Oggi il suo lavoro è custodito e valorizzato in un piccolo museo allestito proprio nel luogo dove viveva e lavorava, in via Ménesi út 65, a Budapest. È un museo di famiglia, molto intimo e affascinante.
Amava profondamente l’Italia: nei suoi taccuini si trovano numerosi schizzi e appunti di viaggio, con disegni di piccoli borghi italiani, ma anche di grandi città come Roma e Venezia.
Era un artista molto interessante, poliedrico. Da giovane aveva anche provato a giocare a calcio, ma non fu la sua strada.
Questo è l’indirizzo del sito web del museo: https://www.mcpmuzeum.hu/ “
TriBu.City, Due città, un’anima! è il movimento nato per valorizzare l’amicizia e accrescere i rapporti tra Trieste e Budapest, tra l’Italia e l’Ungheria.
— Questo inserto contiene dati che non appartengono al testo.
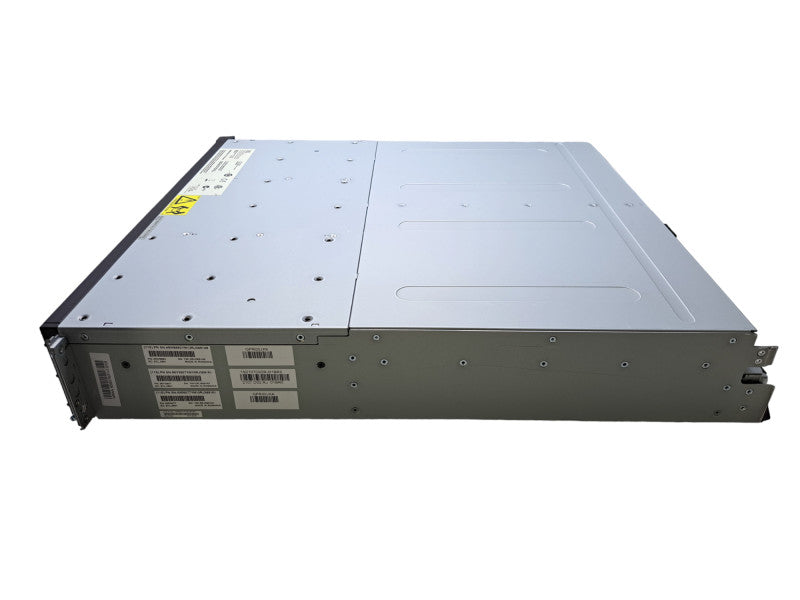IBM System Storage DS8000 2107-D02 24x 2.5\\" SAS Bay, 2x FC Controller, 2x PSU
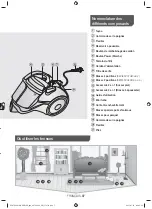 Предварительный просмотр 39 страницы Samsung SC05K41 Series User Manual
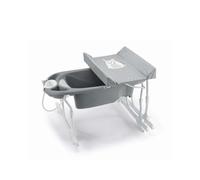 Tables à langer avec Baignoire Cam Idro Baby
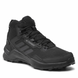 Чоловічі кросівки adidas Adidas Terrex AX4 Mid GTX 'Black'| FY9638 FY9638 фото 10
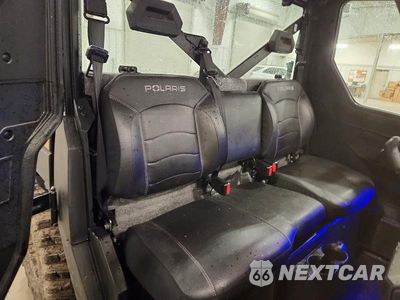 Zdjęcie 6 z 10 samochodu: 2024 POLARIS RANGER XP 1000 UTILITY VEHICLE VIN:4XARRY995R8087140 - miniatura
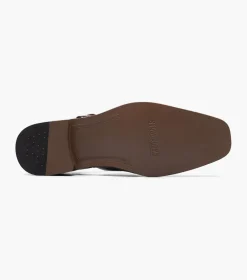 Stacy Adams Calderon Cognac Clearance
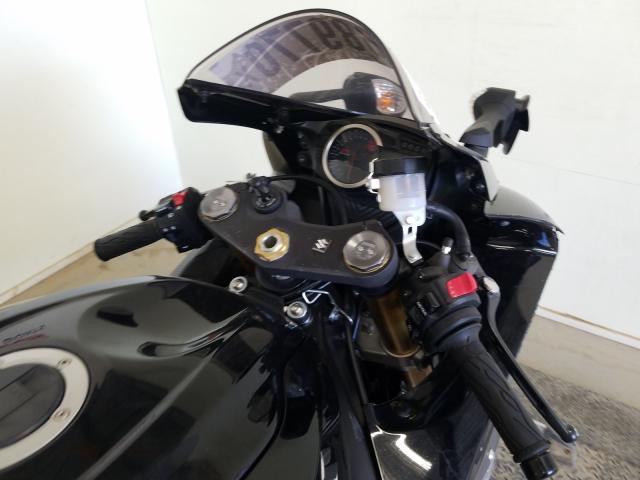 2018 SUZUKI GSX-R750 JS1GR7MA0J2101054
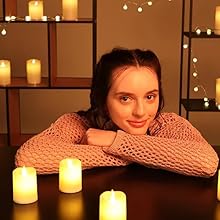 Powerful Still Photography, Built In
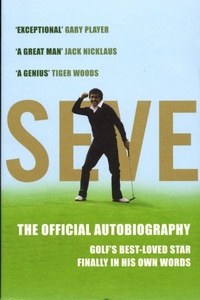 Enlarge image Cover: Seve - Yellow Jersey Press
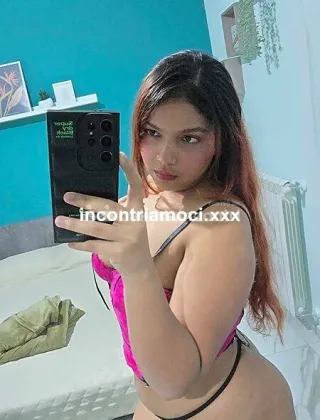 13 - Nina Escort Lecce - 3508253724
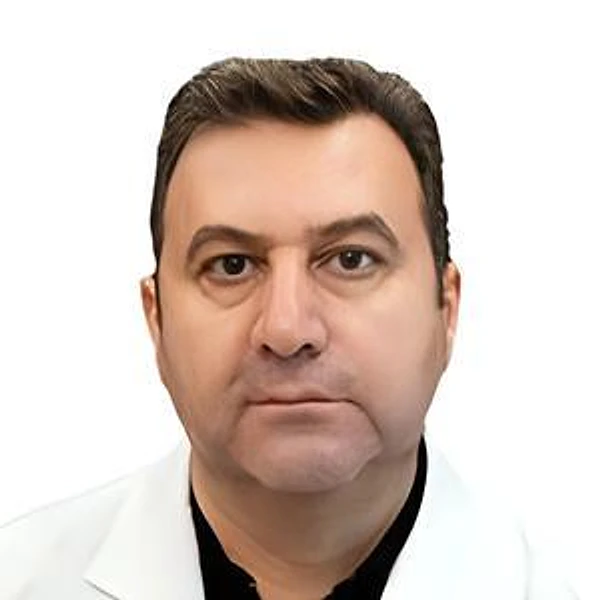 Алексанян Тигран Альбертович — Пластический хирург, ЛОР, Москва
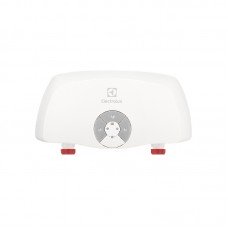 Проточный водонагреватель Electrolux Smartfix 2.0 TS (3,5 kW) - кран+душ
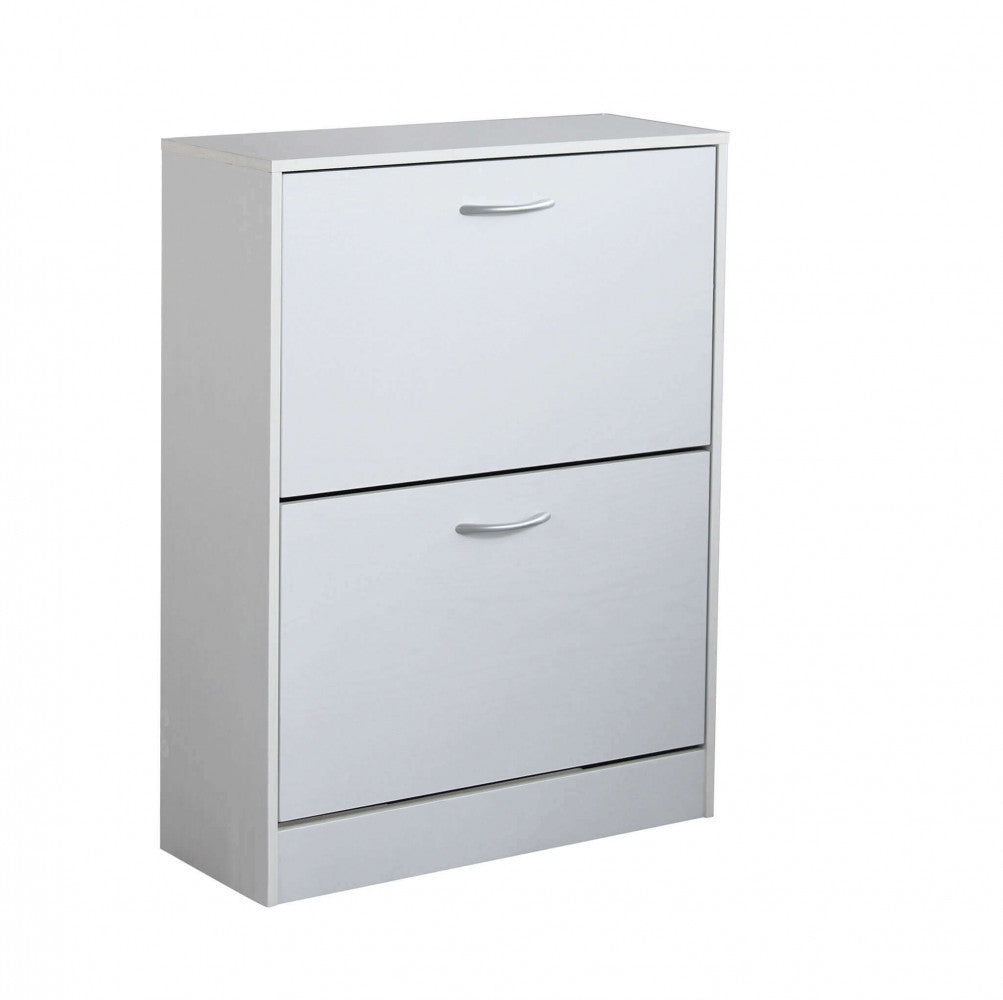 Scarpiera sally bianca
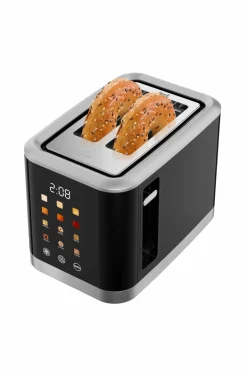 Best Emerio Brødrister Sort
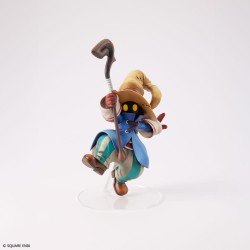 FINAL FANTASY - Vivi Ornitier Form-ISM Square-Enix PVC Figure 15 cm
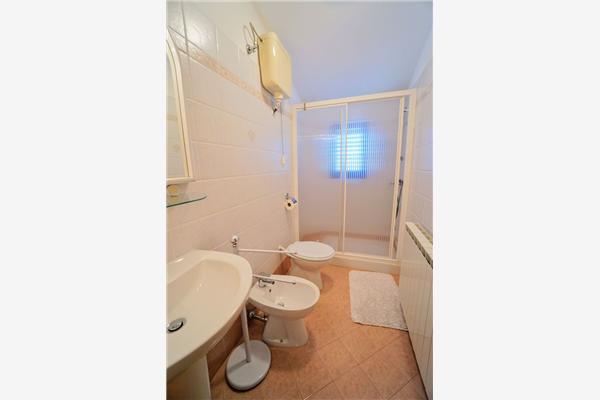 Apartman A2, na 3 osebe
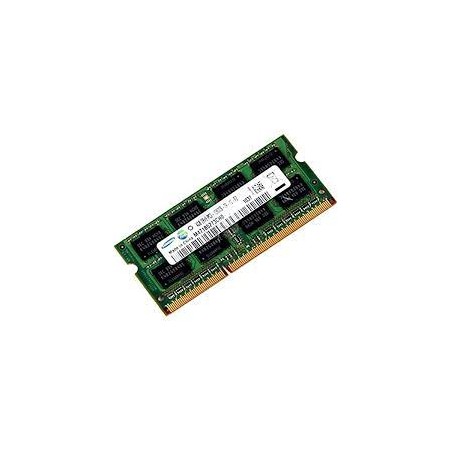 Memória RAM 4GB 1 Samsung...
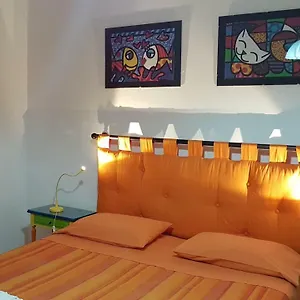 La Casina Di Jo Appartamento
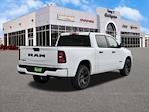 New 2025 Ram 1500 Lone Star Crew Cab for sale #G250227 - photo 7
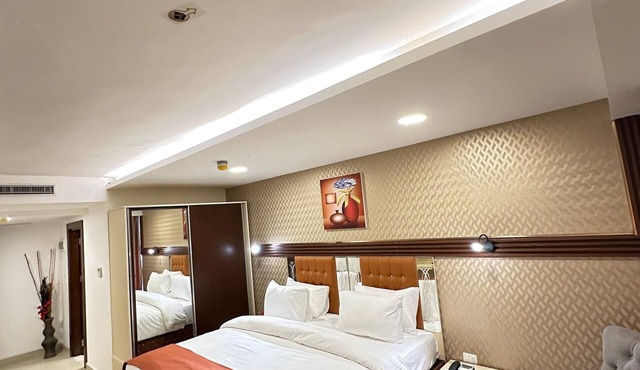 Londrina Hotel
Cosa pensi di questa iniziativa?
“Ho visitato il vostro sito e devo dire che l’iniziativa mi è piaciuta molto. Trovo sempre positivo quando si cerca di scoprire e valorizzare i punti in comune tra città e culture diverse.
Mi ha colpito in particolare il vostro slogan: “A metà strada tra Budapest e Roma” — lo trovo davvero efficace.
Trieste merita di essere visitata, e sono felice che esista un progetto come il vostro, che punta a rafforzare i legami tra Budapest e Trieste. Legami che sono già naturali, per storia e somiglianze, ma che grazie a iniziative come questa possiamo rendere ancora più forti e visibili.”
Péter Csillag
Péter Csillag (Budapest, 2 settembre 1983) è un giornalista e storico del calcio. Scrive per il quotidiano sportivo ungherese Nemzeti Sport dal 2006 ed è ideatore e conduttore del progetto Hátsó füves, che esplora il calcio ungherese da una prospettiva sociale e culturale.
Autore di numerosi volumi dedicati alla memoria sportiva, ha pubblicato libri che raccontano il calcio attraverso la lente della storia, della società e dell’identità nazionale, tra cui Ady stoplisban (2019), Hátsó füves (2020), Kapufák és kényszerítők (2020), Ha a pályák mesélni tudnának… (2021), Oldalvonal (2021), Budapest futballkönyve (2023), Nyers István – a világcsavargó Inter-gólkirály (2024).
Nel corso della sua carriera ha ricevuto importanti riconoscimenti tra i quali: il Premio Junior Prima (2009), il Premio Feleki László per il giornalismo sportivo (2022) e il Premio Ezüstgerely per la fotografia sportiva amatoriale (2024).